A 2,000-year-old altar has been unearthed in northwestern Turkey near the town of Ezine in Canakkale province, archeologists said Saturday.
A hall with a podium, temple, odium, and bathhouse was among the remains that have survived to the present day in the ancient city of Alexandria Troas, an area near the Aegean Sea.
Situated on the Dardanelles Strait, Alexandria Troas had a strong and flourishing economy between the first and fourth centuries, after it became a Roman colony seaport.
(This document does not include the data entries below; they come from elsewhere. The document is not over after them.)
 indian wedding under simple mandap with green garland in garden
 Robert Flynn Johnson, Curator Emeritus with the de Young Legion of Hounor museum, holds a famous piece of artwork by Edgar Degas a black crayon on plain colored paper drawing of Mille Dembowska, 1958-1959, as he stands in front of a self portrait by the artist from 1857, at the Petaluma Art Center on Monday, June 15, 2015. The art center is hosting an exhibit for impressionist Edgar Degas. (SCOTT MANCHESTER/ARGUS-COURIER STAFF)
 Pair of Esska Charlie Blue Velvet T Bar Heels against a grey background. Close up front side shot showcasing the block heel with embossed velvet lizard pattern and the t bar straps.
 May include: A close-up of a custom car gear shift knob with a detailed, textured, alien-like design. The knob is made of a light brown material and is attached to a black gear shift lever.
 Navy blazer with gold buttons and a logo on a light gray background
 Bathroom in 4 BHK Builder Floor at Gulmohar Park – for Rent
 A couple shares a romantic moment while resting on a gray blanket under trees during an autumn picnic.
With a population of nearly 100,000 during this period, the ancient city was mostly abandoned in the ninth century after its economy deteriorated.
Erhan Öztepe, a faculty member at Ankara University's archeology department in Turkey's capital, told Anadolu Agency (AA) that recent technological developments, including an underground X-ray system, contributed to the archeological studies in the region.
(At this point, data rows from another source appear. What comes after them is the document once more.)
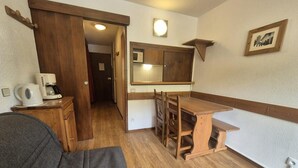 A compact room with a wooden dining table, a small kitchenette, a gray sofa, and a wooden wardrobe. - 100m from ski slopes, 1st floor, balcony, 21m², Tignes (Tignes)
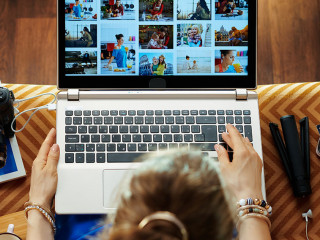 woman looks at image while transferring photos from DSLR camera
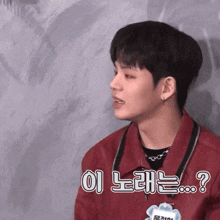 a young man in a red jacket has a name tag around his neck that says ?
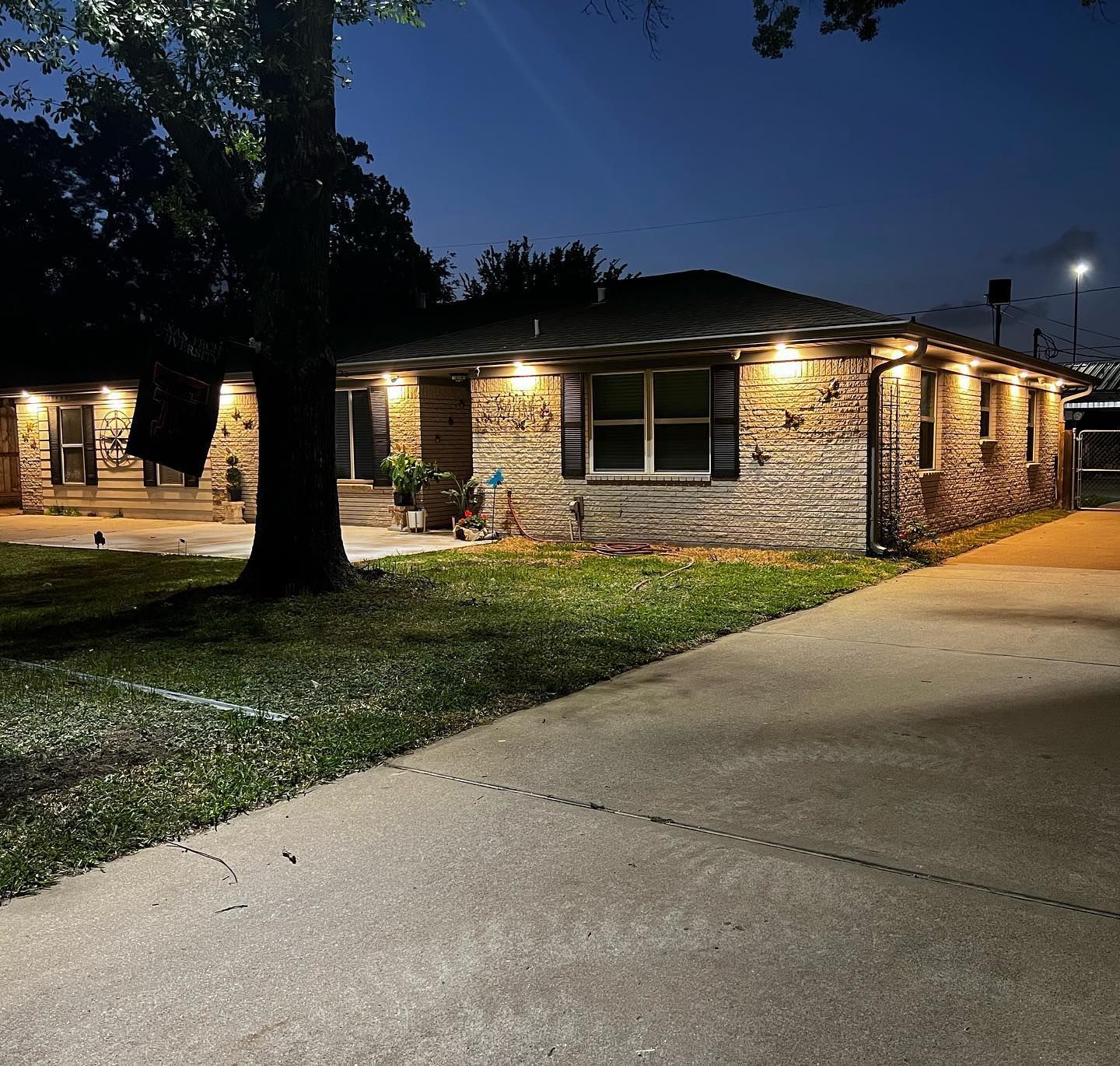 Brick house at dusk with warm porch lights, a large tree, and a driveway in front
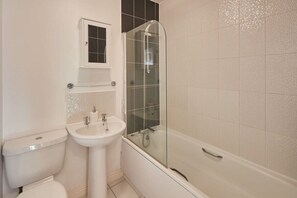 Bathtub, hair dryer, towels, soap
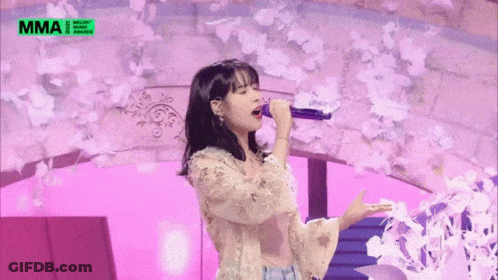 Woman Singing Into Microphone GIF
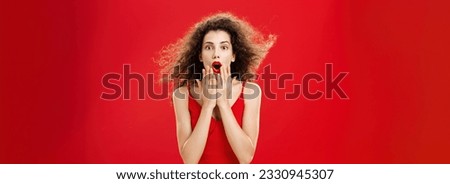 Attractive elegant young woman in red evening dress. with curly hair flicking on wind saying wow being impressed and thrilled covering opened mouth from amazement standing over red background. Royalty-Free Stock Photo #2330945307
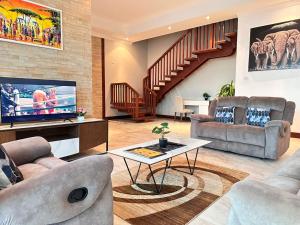 uma sala de estar com dois sofás e uma televisão em Fairview Luxury Apartments em Dar es Salaam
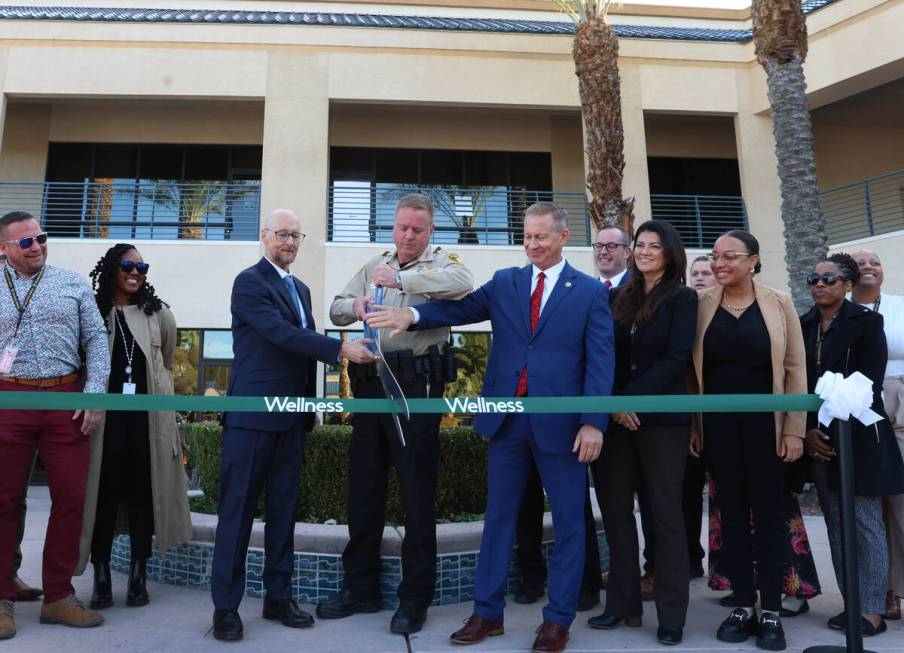 Sheriff Kevin McMahill, center, Dr. James Tenney, director of the Wellness Bureau, left, and Ja ...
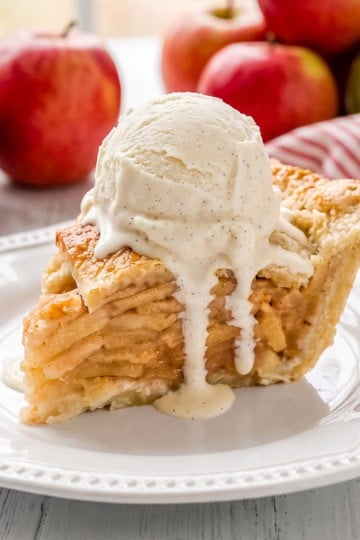Square image of sliced apple pie with fresh apples in the background and a sliced apple pie.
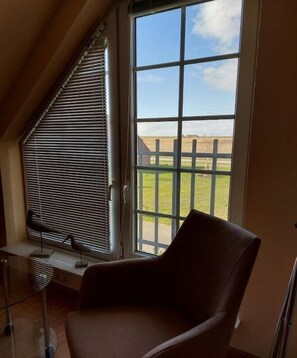 Ein Zimmer mit großem Fenster, einem Sessel und einem Schreibtisch mit Lampe.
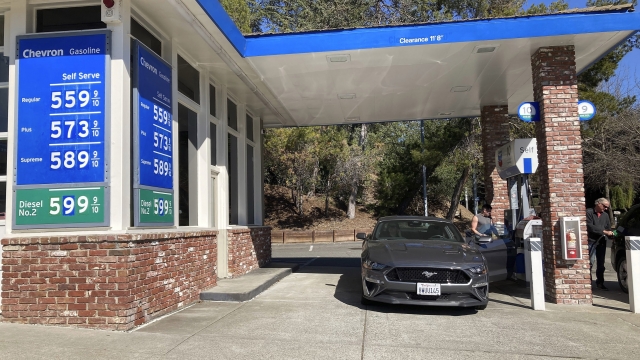 A motorist pumps gasoline at a gas station in Lafayette, CA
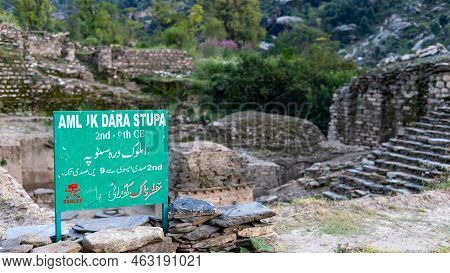 Amluk Dara Stupa In The Swat Valley With A Sign Board In English And Urdu Translation. It Is Believe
"One of the control drillings found the remnant structure of a possible altar," he said. "We excavated the site to see if it had the same architectural structure and characteristics as the temple," said the archeologist.
Stating that the structure possibly dates back to the first century, Öztepe said the excavations have reached seven meters (almost 23 feet) below the surface, with a deep foundation beneath.
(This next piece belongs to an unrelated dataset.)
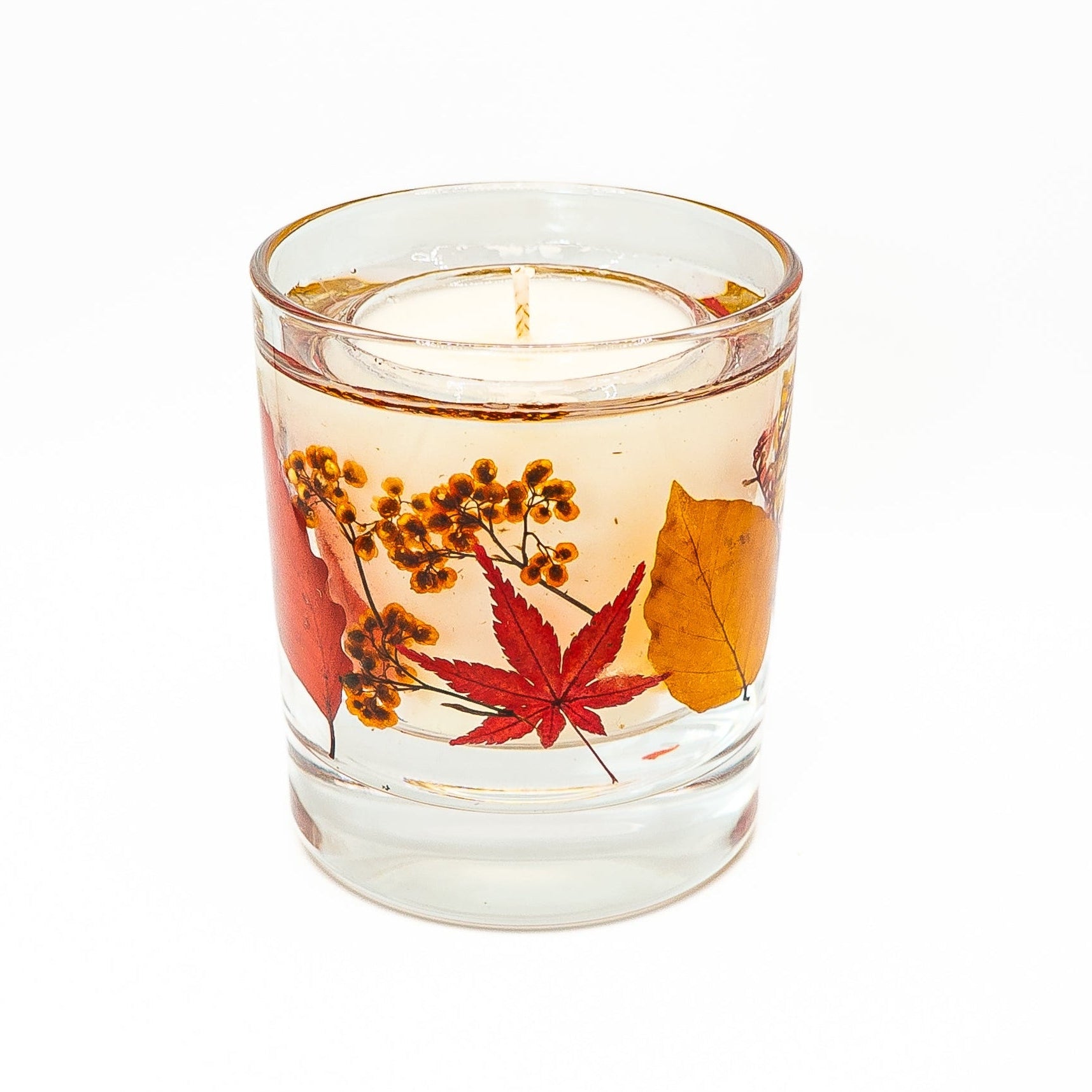 Soy wax and gel wax candle featuring preserved autumn leaves and dried botanical decorations.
"It mostly lost all of its coatings and architectural ornaments," he added. "It is important that a structure that we can call an altar has been unearthed in front of the temple."
Öztepe pointed out that the structure will be open to visitors once environmental protection measures are taken for their safety. "The altar, as well as the temple, will be explained to visitors," he stated.
He added that visitors will see the visuals of the altar in 3D on a transparent plate and that they will be able to access information related to the structures by scanning a QR code on their smartphones.